Monday, July 03, 2006

What Makes a Masterpiece?

monalisa miro

When teaching our children to look at and appreciate fine art, I caution mothers to be careful in their choices. Just because a particular painting is popular today, does not mean it is worthy of our attention. I appreciate Charlotte Mason’s definition of a true work of art:

“Art is great only in proportion to the greatness of the idea that it expresses; while what we ask of the execution, the technique, is that it shall be adequate to the inspiring idea.”

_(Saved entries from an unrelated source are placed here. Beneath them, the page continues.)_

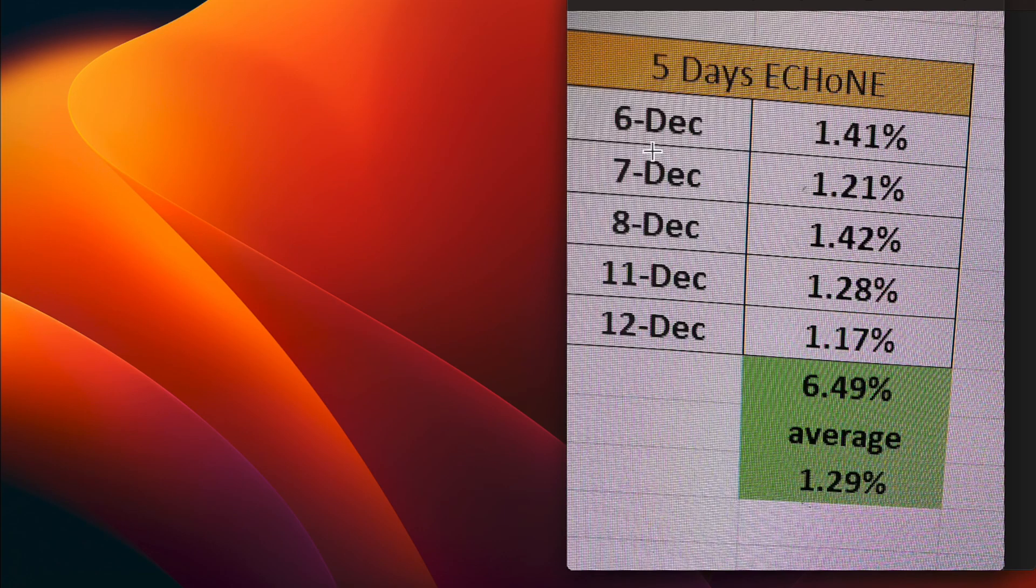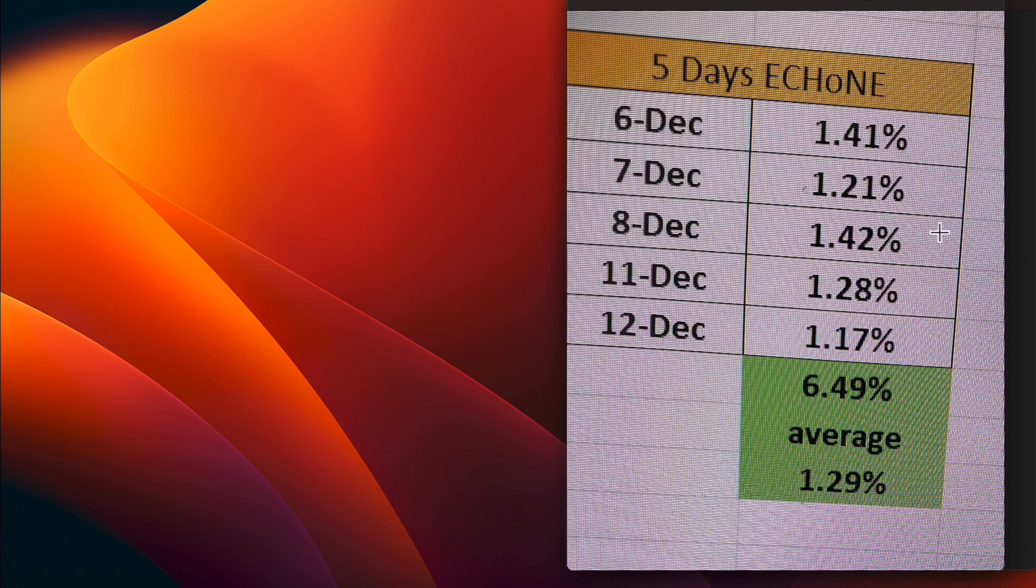I can now see that on December 6 it made 1.41, December 7 it made 1.21, December 8 was 1.42, December 11 was 1.28, and today 1.17. That gives five days on Echo One business days a 1.29 average.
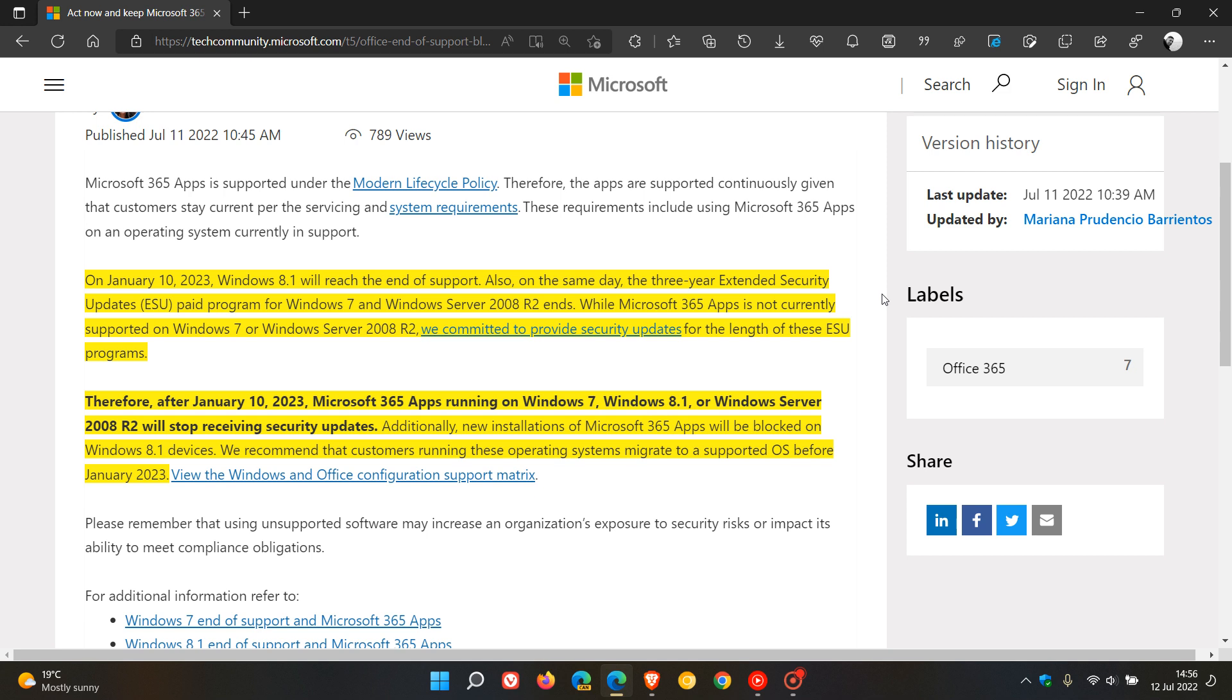They do still receive security updates under the Extended Security Updates ESU program, which is a paid subscription program.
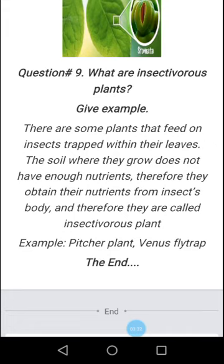Insectivorous plants do not grow in soil where there are enough nutrients, so they get their nutrients from insects by trapping them in their leaves. The best examples of insectivorous plants are the pitcher plant and Venus flytrap. Thank you for watching this video.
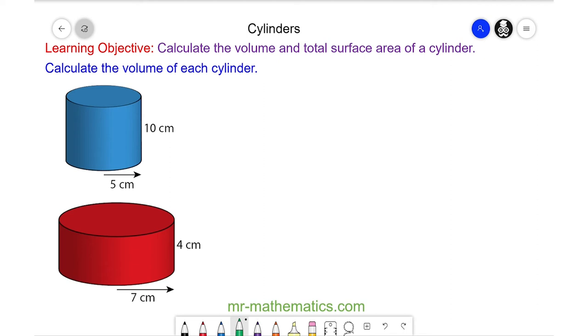Welcome to our lesson on finding the volume and the total surface area of a cylinder. We're going to begin by working out the volume of a blue cylinder, and we're doing this by working out the area of the base.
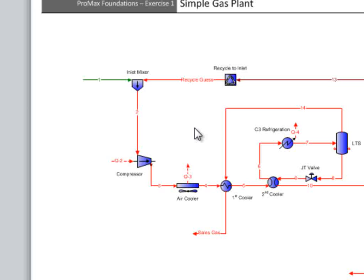The second option is to disconnect the recycle gas stream from the mixer temporarily. Promax can then solve the mixer because what goes in from the inlet stream is what will come out in stream 2.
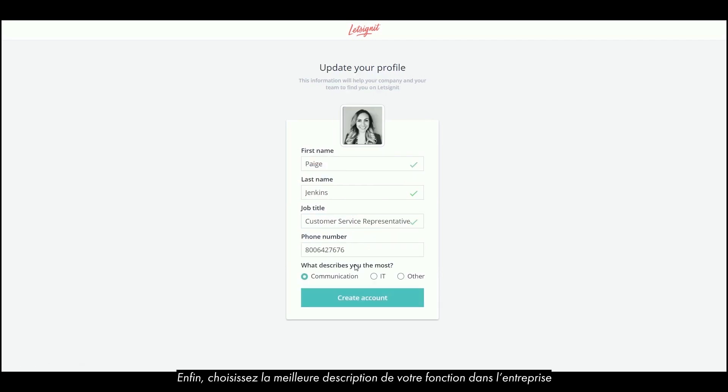Finally, choose the best description of your role in the company to help us offer you the best experience on Let's Sign It.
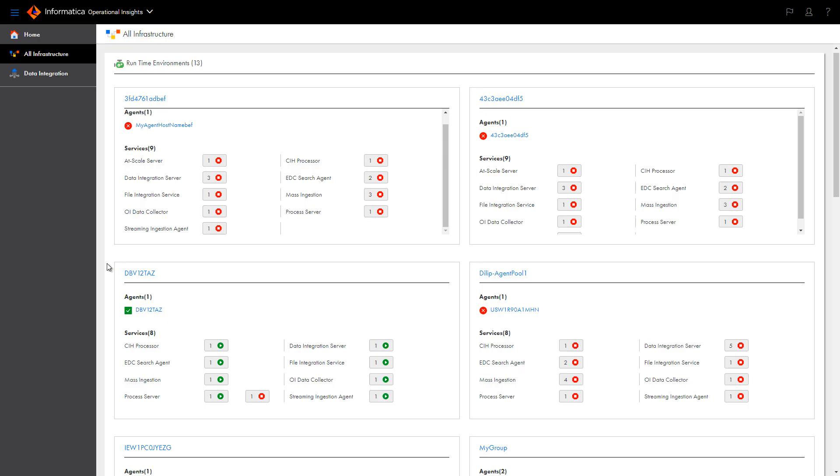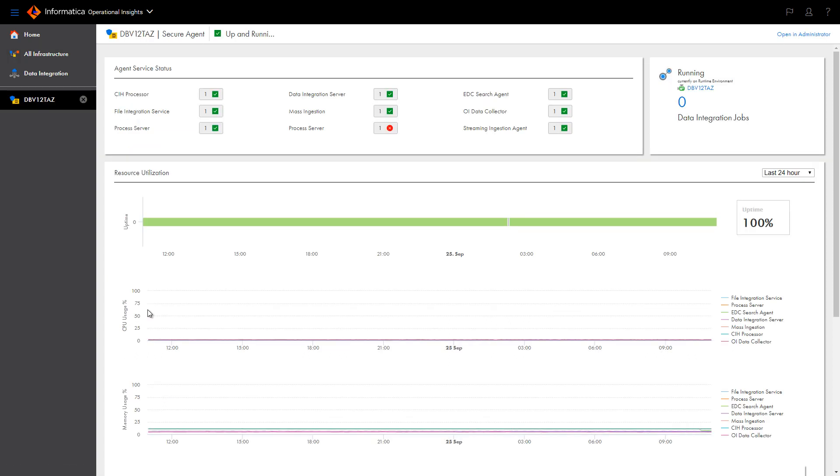The All Infrastructure page provides an overview of the status of the assets in your Informatica infrastructure. Here you can see each Secure Agent running in each runtime environment and the services running on each Secure Agent. Click a Secure Agent to view the status of the services the Secure Agent uses.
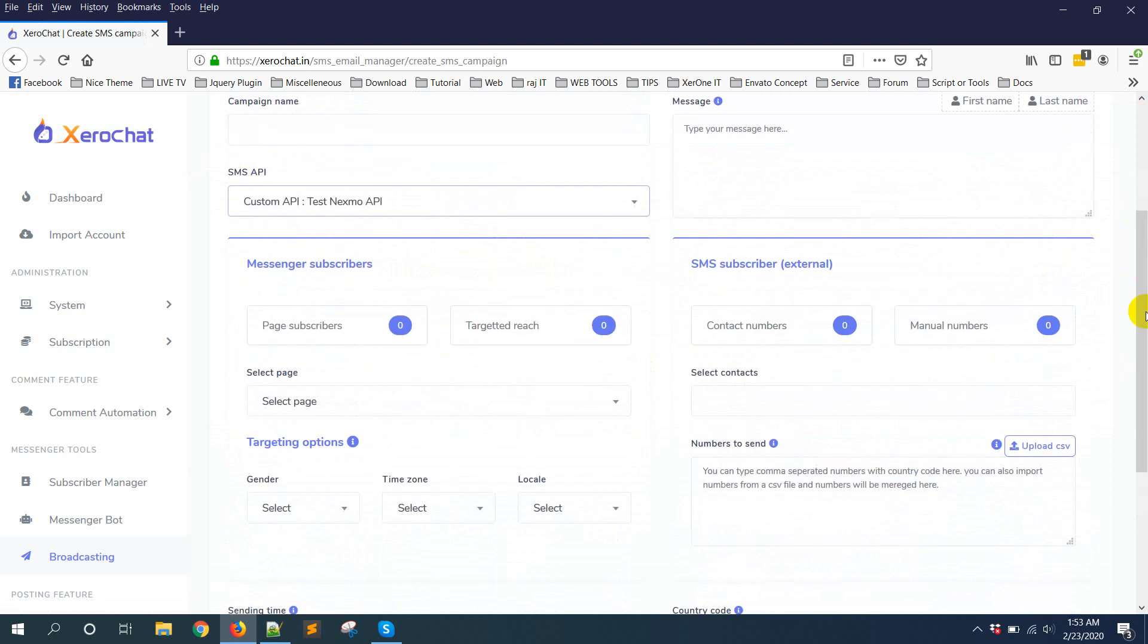So this is very easy to add your custom HTTP GET request API. But one thing you need to make sure: currently ZeroChat supports only API for HTTP GET request. Hope this will help you to add your custom SMS gateway API. If you face any problem, please contact our support team. We will do our best to help you. See you in the next video. Thank you.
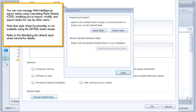You can now manage Web Intelligence report styles using cascading style sheets, enabling you to import, modify, and export styles for use by other users. Note that style sheet functionality is not available using the DHTML viewer. Refer to the Modifying the Default Style Sheet tutorial for details.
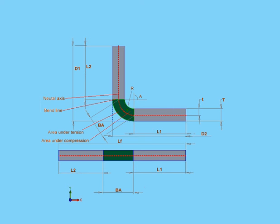Welcome to our lesson about bend allowance. You may be wondering what exactly is bend allowance if you've never worked with sheet metal before.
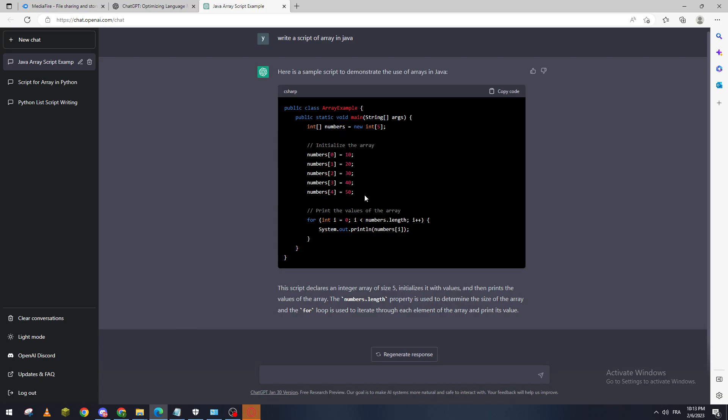That's how you can use or create an array in Java. Thank you for watching and see you in the next tutorial.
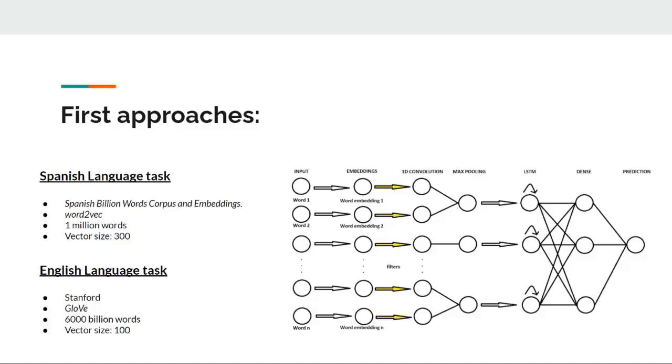For the English language task, the embeddings loaded had been trained using GloVe from Stanford.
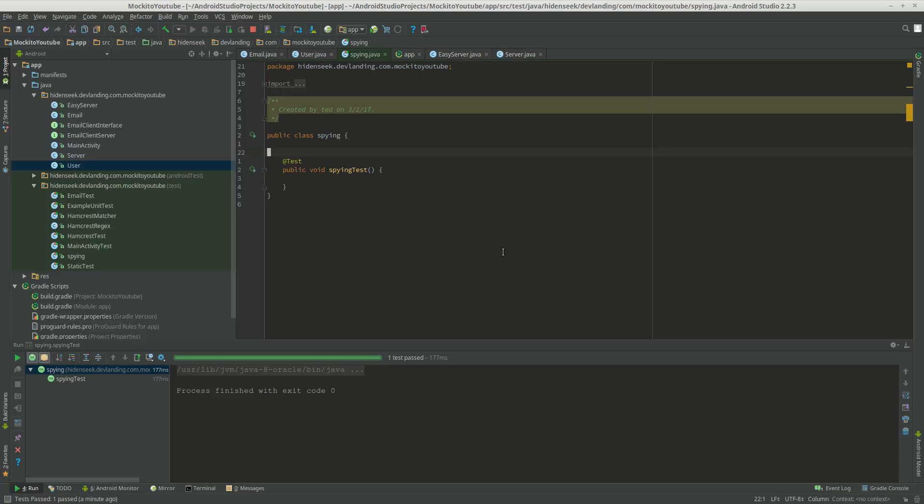Mockito, with mocking, we actually can't mock actual objects. We can only mock things like interfaces. So with spying, we're able to spy on an object.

I teach my children the three main ingredients necessary for great art:

It must be a thing of beauty
It must require great skill
It must express a worthy idea

There are only so many artists that we will have time to explore. My husband and I have chosen to focus our picture study only on artists that meet these timeless standards. During the high school years, we delve more deeply into the artists’ worldviews and examine the more controversial art forms of modern art, but in the early years, our goal is to develop a keen eye that appreciates a true work of art. If you would like to eavesdrop on a very interesting discussion concerning the question of qualifications for a work of art, The Common Room is the place to visit.

1 comment:

  1. Thanks so much for this insight. Please don't let anyone tell you that such terrible art as is foisted upon us all around, is beautiful and that we just don't "understand" it because we aren't educated enough! True art draws you in, with all your senses. I know of paintings that make me almost smell the scent of the flowers in them. I've seen paintings that make me smile. While someone has to "explain" some of the bad art and try to talk you into liking it, good art needs no persuasion! You just naturally like it!